Though it's sure to revive arguments among many in the climbing community, the film steers away from pinning responsibility for the tragedy on anyone.
"There are a lot of conflicting stories about this event but I wasn't interested in trying to find fault or apportion blame," says Kormakur. "That's not me shying away from the conflict, it's just me trying to tell our version of the story and leaving it up to the audience to make up their own minds, because that's all you can do in this situation, where no one knows the truth."
A month before Everest is due to open the 2015 Venice Film Festival, Bevan sits in an Auckland hotel room, having made a whistlestop tour to the country of his birth - his English father was the local GP in Queenstown in the 1950s and 1960s before heading back to Britain with his young family. He still carries a New Zealand passport.
He founded Working Title, which has become the hit factory of the British movie industry, with Eric Fellner in the mid-80s.
Everest will be his 70th or so producer credit. He's been nominated for four Best Picture Oscars. "It's sweet of you to say so," he smiles when it's suggested Everest might well be a fifth.
The previous day Bevan had been in Christchurch showing the film to Arnold, Hall and Harris' family and some of the others depicted in the film.
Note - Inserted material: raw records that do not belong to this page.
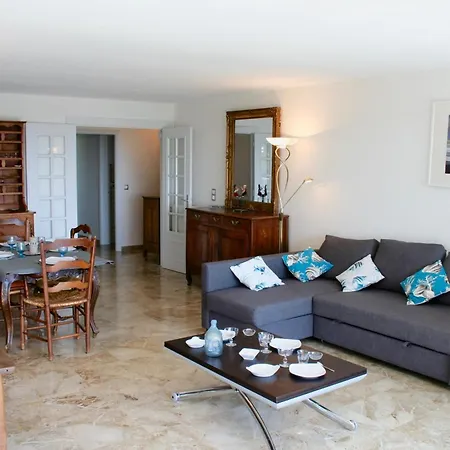 Апартаменты Sea View & Gardens In *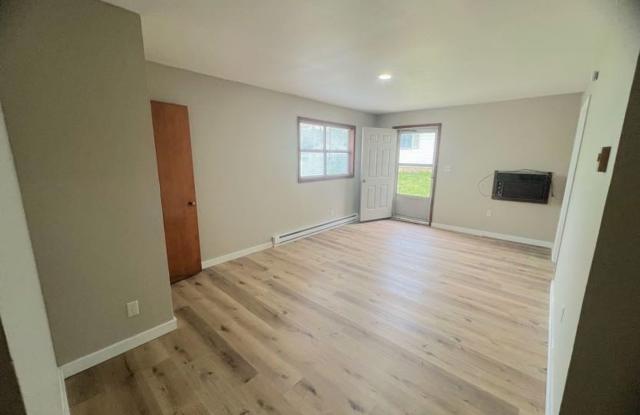 Newly Renovated Duplex! Gallery 3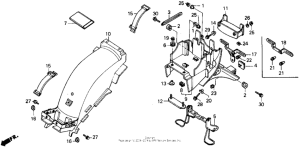 CB400F Задний бампер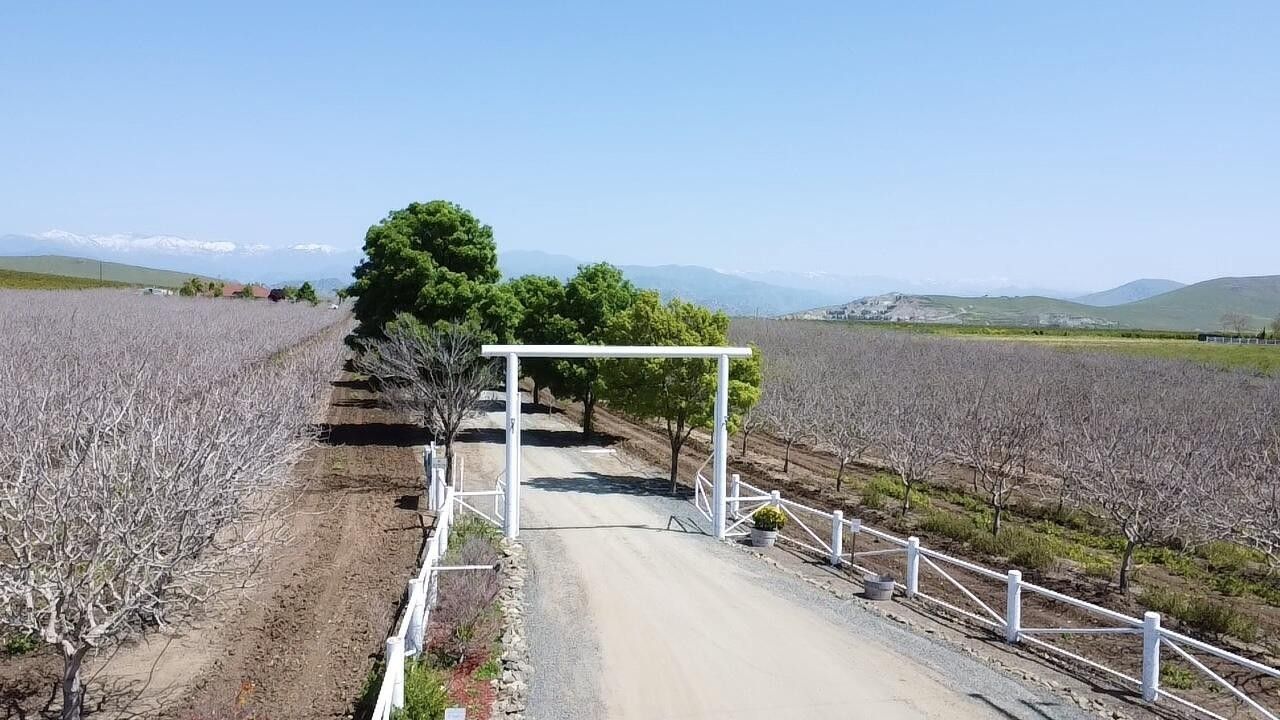 Porterville, Tulare County, CA House for sale Property ID 416271296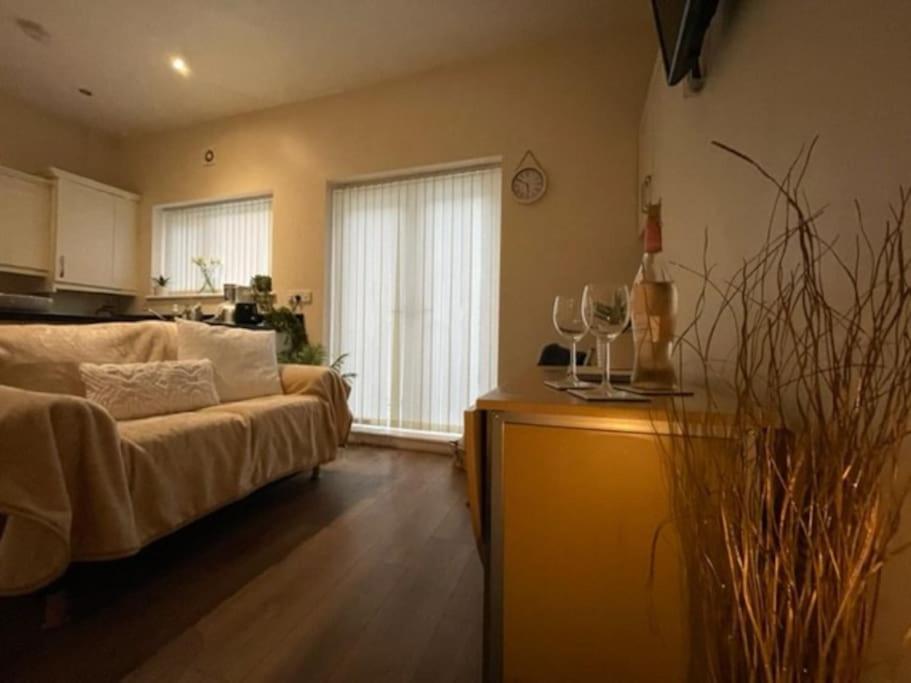 5 Bedroom, Sleeps 9 - Base To Explore Liverpool And Beyond Exterior photo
"When you are making a film about real people and real things - and I was the person who went out and got their approval - you kind of have to go full circle."
He says they were comfortable with the finished product. Because now the story of the deaths of Hall and Harris and many others is very much a product - one heading into the global marketplace a few weeks after its Venice bow on September 2.
The movie's mid-September release timing has worked before for Working Title, ever since they unleashed the hit Four Weddings and a Funeral in 1994.
Bevan says it's a good time to release non-American English language movies, after the blockbuster season of the northern summer and the films vying for Oscars at the end of the year.
"It's not quite full-on Hollywood commercial. But it's got that potential. We felt, 'let's be the first grown-up film of the [northern] autumn. What will sell Everest, which has been shot in 3D, to the rest of the world is spectacle.
"It's a disaster movie. It's spectacular and guess what? - it has got amazing emotion in it, too. And the emotional thing will hook a whole lot of people who weren't expecting that to be there."
Bevan concedes that Everest doesn't address some things about Hall, Harris and their high alpine-climbing ilk. Not the question of why they died, but the question of why they knew they might, every time they ventured into Everest's death-zone.
"What we don't deal with in the film - and rightly so - is that there is an odd relationship with death with these people. They know the stakes of what they are doing very clearly. And still they go."